(The following is a part of the speech, delivered in Parliament by Babasaheb Dr.B.R.Ambedkar after having resigned from the Union Cabinet)
The House I am sure knows, unofficially if not officially, that I have ceased to be a member of the Cabinet. I tendered my resignation on Thursday, the 27th September (1951) to the Prime Minister and asked him to relieve me immediately. The Prime Minister was good enough to accept the same on the very next day. If I have continued to be a Minister after Friday, the 28th, it is because the Prime Minister had requested me to continue till the end of the Session — a request to which I was, in obedience to constitutional convention, bound to assent……

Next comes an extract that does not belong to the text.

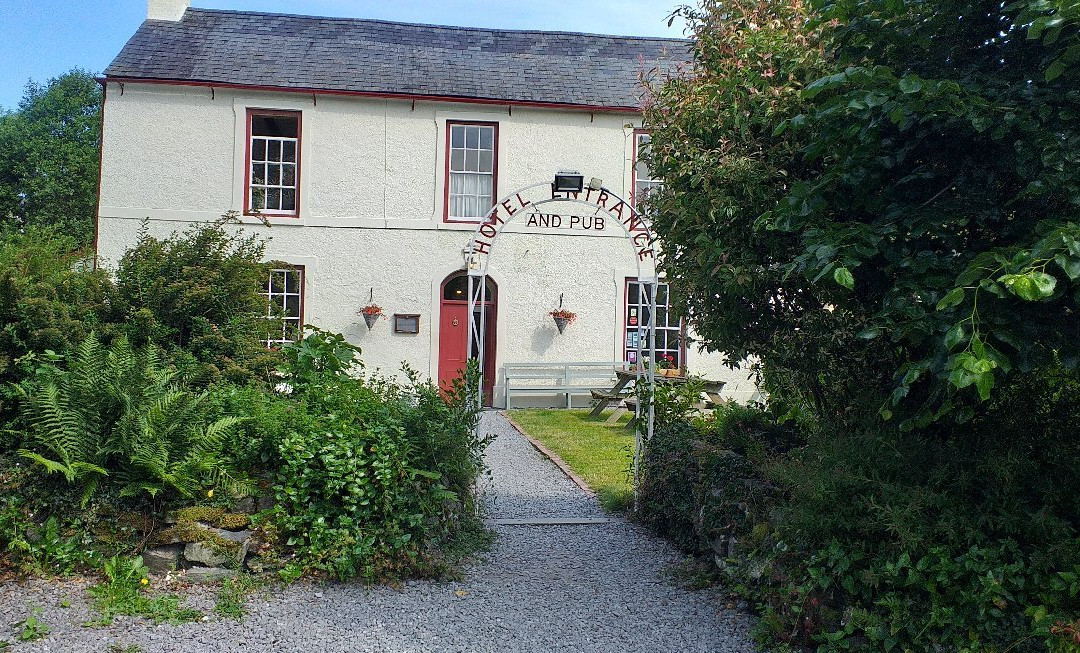 The Dolaucothi Arms Hotel主图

I will now deal with a matter which has led me finally to come to the decision that I should resign. It is the treatment which was accorded to the Hindu Code. The Bill was introduced in this House on the 11th April, 1947. After a life of four years, it was killed and died unwept and unsung, after 4 clauses of it were passed. While it was before the House, it lived by fits and starts. For full one year, the Government did not feel it necessary to refer it to a Select Committee. It was referred to the Select Committee on 9th April 1948. The Report was presented to the House on 12th August, 1948. The motion for the consideration of the Report was made by me on 31st August 1948. It was merely for making the motion that the Bill was kept on the Agenda. The discussion of the motion was not allowed to take place until the February Session of the year 1949. Even then it was not allowed to have a continuous discussion. It was distributed over 10 months, 4 days in February, 1 day in March and 2 days in April 1949. After this, one day was given to the Bill in December, 1949, namely the 19th December, on which day the House adopted my motion that the Bill as reported by the Select Committee be taken into consideration. No time was given to the Bill in the year 1950. Next time the Bill came before the House was on 5th February, 1951 when the clause by clause consideration of the Bill was taken. Only three days 5th, 6th and 7th February were given to the Bill and left there to rot.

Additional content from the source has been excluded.